With David Brooks writing columns again, and the Yankees playing the White Sox while their two division rivals play each other, I hope good things will emanate from New York and herald a good, vibrant Fall.

In this article, David Brooks says we should “instill good values and create a secure climate,” and so increase our focus on fundamentals and the long-term.  That sounds good.  I think Americans were short-sighted in terms of housing, financial regulations and other things.

Yet on matters of growth, employment and inflation, there is still no consensus among our best economists, and still so much they don’t know.  America has Keynesians, tax-cutters, angels of austerity and stalwarts of the entitlement status quo, and many or all of them may be wrong.  Keynesians believe temporarily increased spending will boost GDP and allow people to spend again, which will induce businesses to produce, invest and hire.  Some proponents of small government think cutting taxes and government regulations will create a better environment for businesses to drive growth.  Both of these sides are hoping for an aggregate revival of demand and supply they believe will sustain our economy in the long-term.  Some people think we need to live within our means, cut spending and raise taxes, and reduce the debt for America’s future.  Others feel certain entitlements and services, while expensive, are staples of American life for all times.  Right or wrong, these theories all seem facially coherent and sufficiently far-sighted. Maybe Brooks wasn’t correct to imply short-sightedness in this part of the American economic debate.  Maybe we’re just a bigger, more mixed, more indebted society.  Maybe it’s still too early to tell.

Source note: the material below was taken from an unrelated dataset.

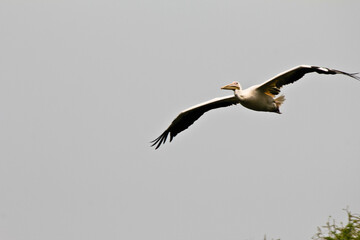 great white pelican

Certainly, I would have liked more explanation from him.  I’ll try on his behalf.  In practice, all the expert disagreement and partisan politics on these issues create an uncertain regulatory environment that isn’t good for business.  It could be a cause of today’s excess capacity, which could be delaying investment and job growth.  It’s arguably pretty myopic for a congressional majority or administration to pass economic legislation that could soon be overturned or has yet to be detailed.  Supposed benefits of the legislation may be outweighed by the uncertainty of achieving passage without permanence and an end without a resolution.  Foregoing a consensus may only be good for the short-term.

On growth and employment, like any other government issue, there is a chance that policies are explained publicly with coherent, far-sighted reasoning, and motivated privately by short-sighted cynicism.  But, even the cynics don’t know what will happen.  Whether we come to toil, study, regulate, bring cynicism or sing tender centrism, today’s economy will offer us uncertainty in return.  But, I’m glad Brooks and everyone else keeps trying.